══ RECORDS PROVIDED

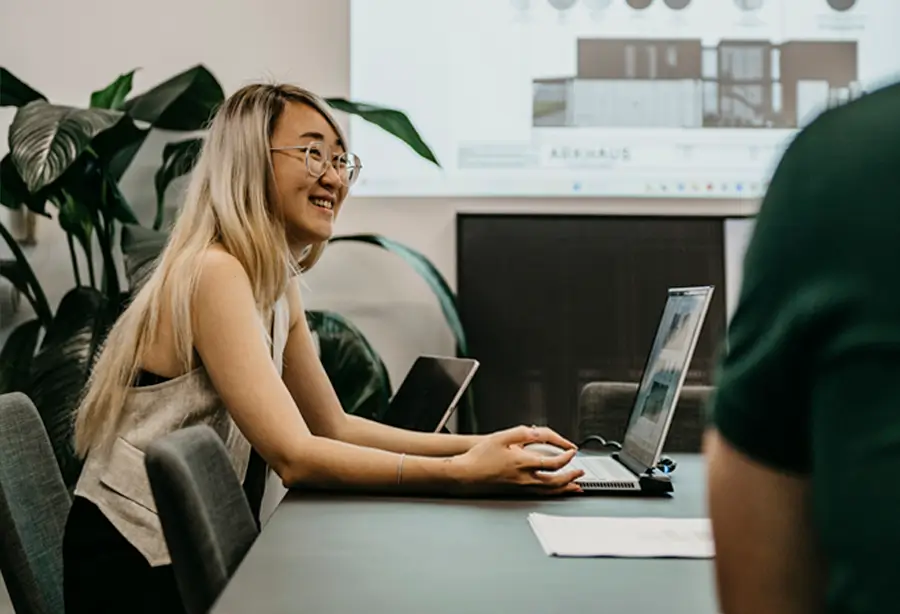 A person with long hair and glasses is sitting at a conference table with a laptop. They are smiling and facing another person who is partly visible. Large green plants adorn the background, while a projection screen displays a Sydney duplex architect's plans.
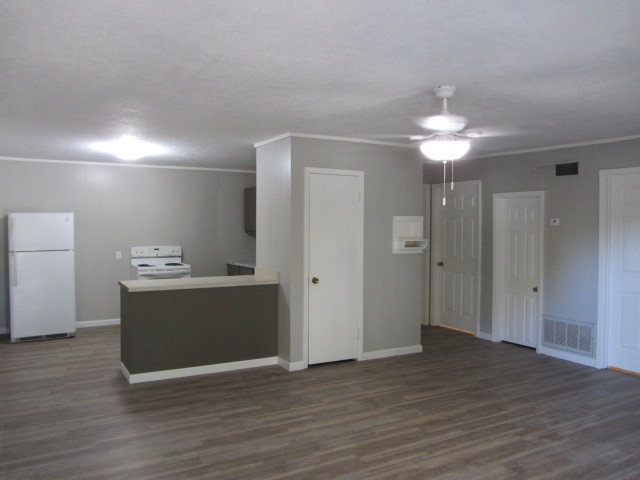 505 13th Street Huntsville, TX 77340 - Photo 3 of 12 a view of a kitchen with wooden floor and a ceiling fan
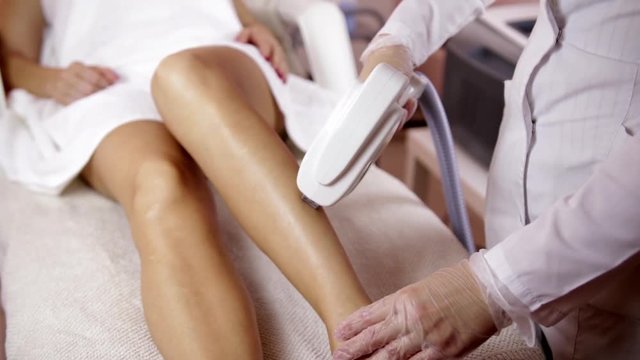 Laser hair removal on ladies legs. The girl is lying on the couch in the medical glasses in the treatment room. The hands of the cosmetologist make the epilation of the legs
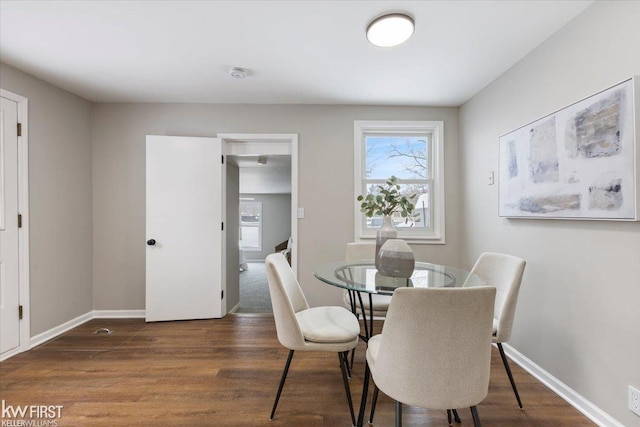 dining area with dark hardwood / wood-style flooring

════
══ RECORDS PROVIDED

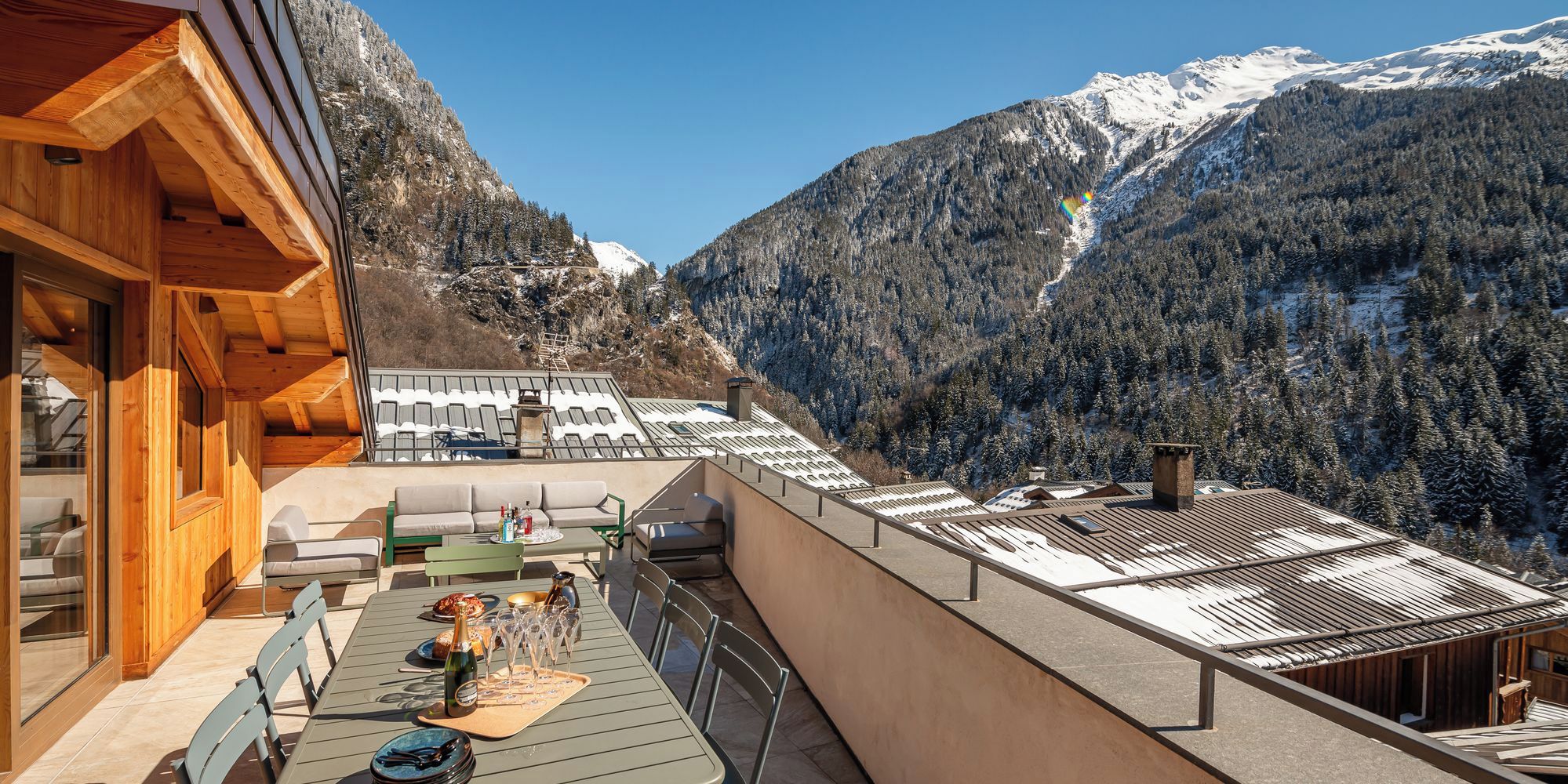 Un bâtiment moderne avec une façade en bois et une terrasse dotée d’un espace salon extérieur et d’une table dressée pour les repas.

════
══ RECORDS PROVIDED

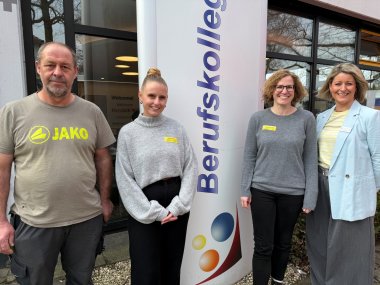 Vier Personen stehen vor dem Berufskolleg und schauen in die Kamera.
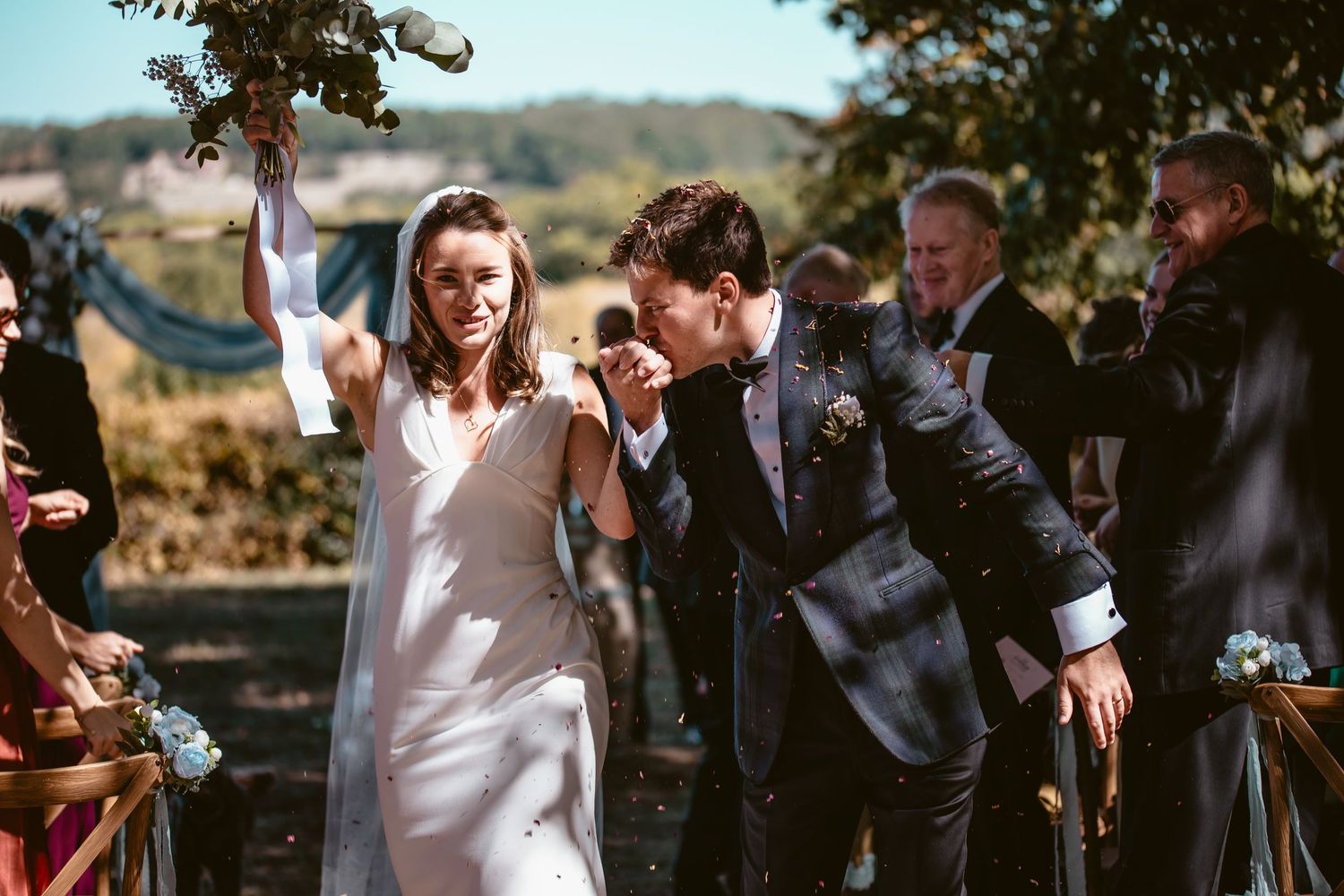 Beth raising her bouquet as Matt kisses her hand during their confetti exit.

════

**REQUIRED ACTION**
Would you copy out, exactly and with no pictures, only the lines above from the one that contains "A person with" through the one that contains "505 13th Street"?

**PROBLEM SOLUTION**
 A person with long hair and glasses is sitting at a conference table with a laptop. They are smiling and facing another person who is partly visible. Large green plants adorn the background, while a projection screen displays a Sydney duplex architect's plans.
 505 13th Street Huntsville, TX 77340 - Photo 3 of 12 a view of a kitchen with wooden floor and a ceiling fan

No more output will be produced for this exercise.